Vendredi 8 mars 2013 11:00 - Duree : 1 heure
Lieu : Salle des séminaires de l’IBS - J.P. Ebel - 41 rue Jules Horowitz - Grenoble

Orateur : Max ULBRICH (Centre for Biological Signalling Studies, University Freiburg, Germany)

Many ion channels and receptors exhibit a heteromeric composition with different subunit types assembled in a defined or random fashion. Biochemical methods have certain limitations that can make it difficult to determine the exact number and the stoichiometry of the subunits in a membrane protein.
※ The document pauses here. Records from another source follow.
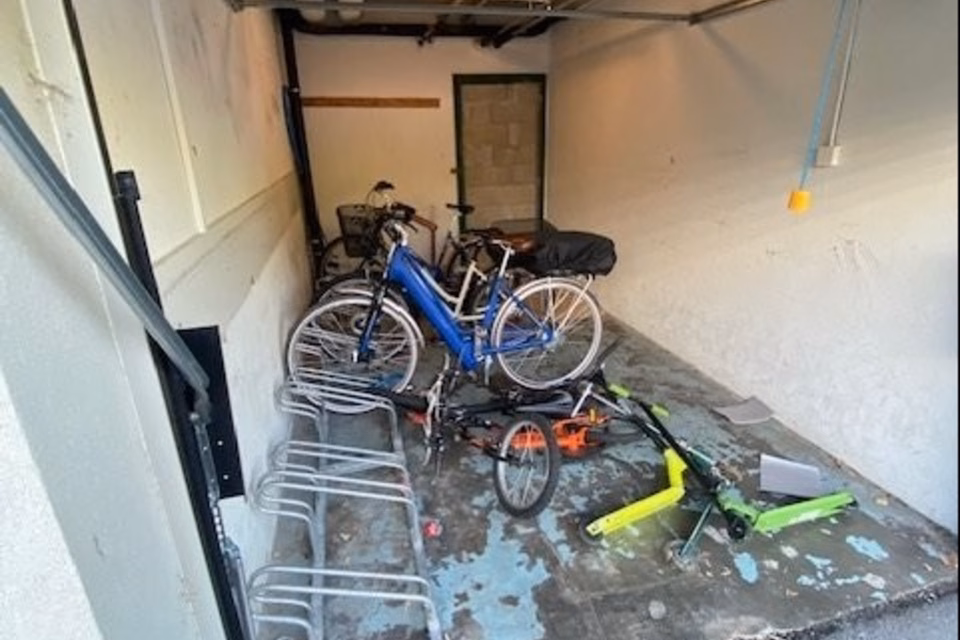 For rent - storage - box 11 m2 - CHF 200 / month, Rue de Vernes, 1217 Meyrin, Geneva, CH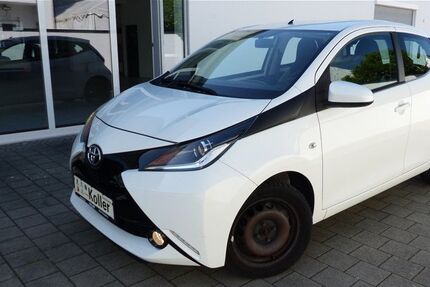 Toyota Aygo (X) 74.550 km 6.999 &euro; Bad Gögging 93333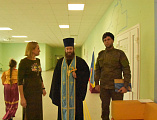 В праздник Покров Богородицы иерей Андрей Павленков напутствовал посвященных казачат учеников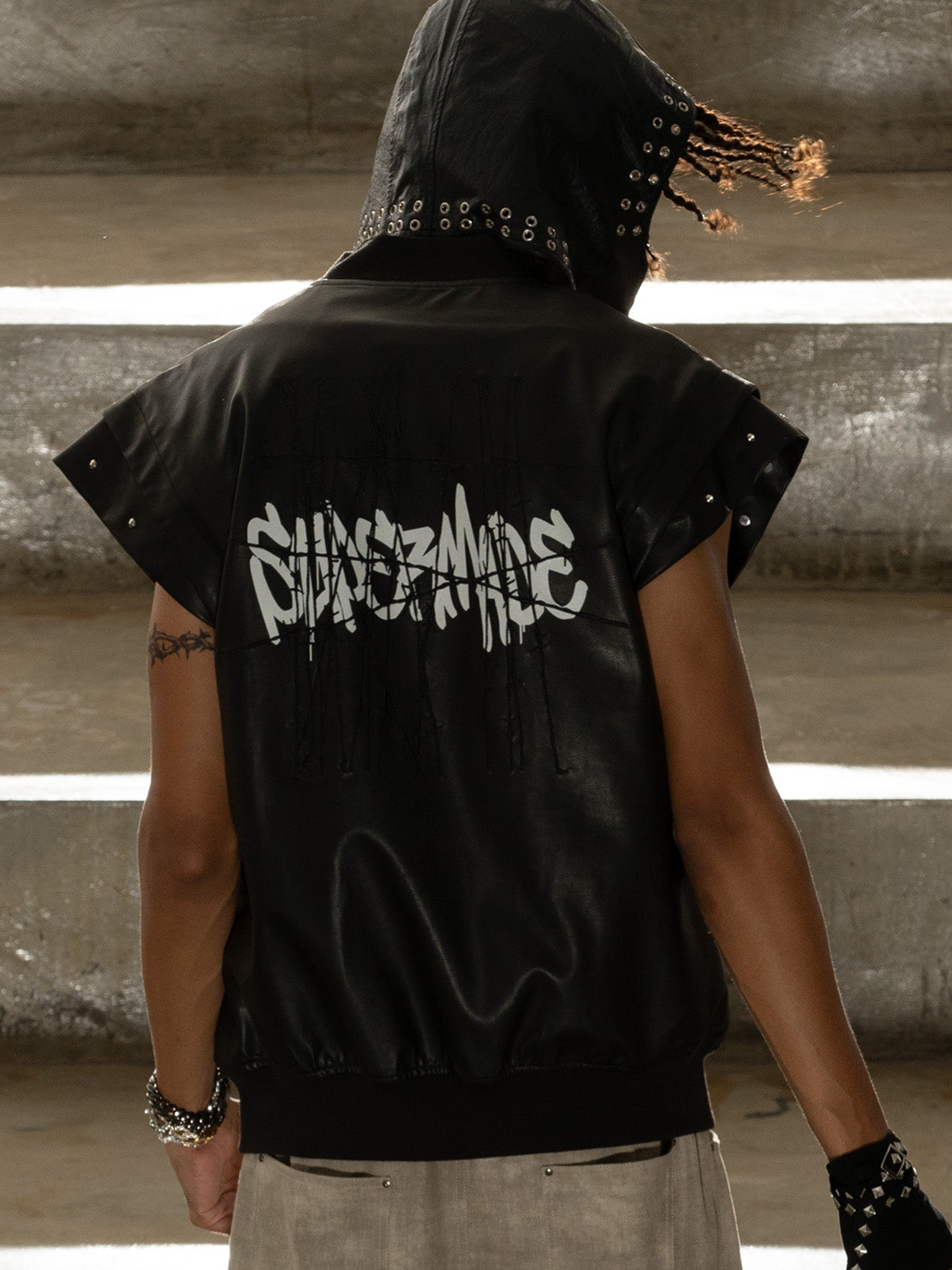 Thorn Destruction Frame Pattern Leather Vest 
With the recent development of highly sensitive cameras, it became possible to record from single fluorescent molecules within cells in a quantitative manner. We demonstrate that direct imaging of single membrane proteins in their native environment, the membrane of a living cell, allows to determine the multimerization state of a protein with high confidence. Initially we developed a method to count the number of subunits by counting the bleaching steps of GFP fused to the protein of interest. The observation of several different fluorescent proteins at the same time allows us to decipher complex assembly mechanisms. A particular challenge is the analysis of GPCR interactions because the equilibrium between monomers and dimers is dynamic and finely tuned and is postulated to be activation dependent for several clinically highly relevant receptors. Specific and effective labeling with multiple color tags is a prerequisite for the quantitative determination of this interaction, and we show how to tackle the problem of expressing multiple proteins at very low but equal levels in mammalian expression systems.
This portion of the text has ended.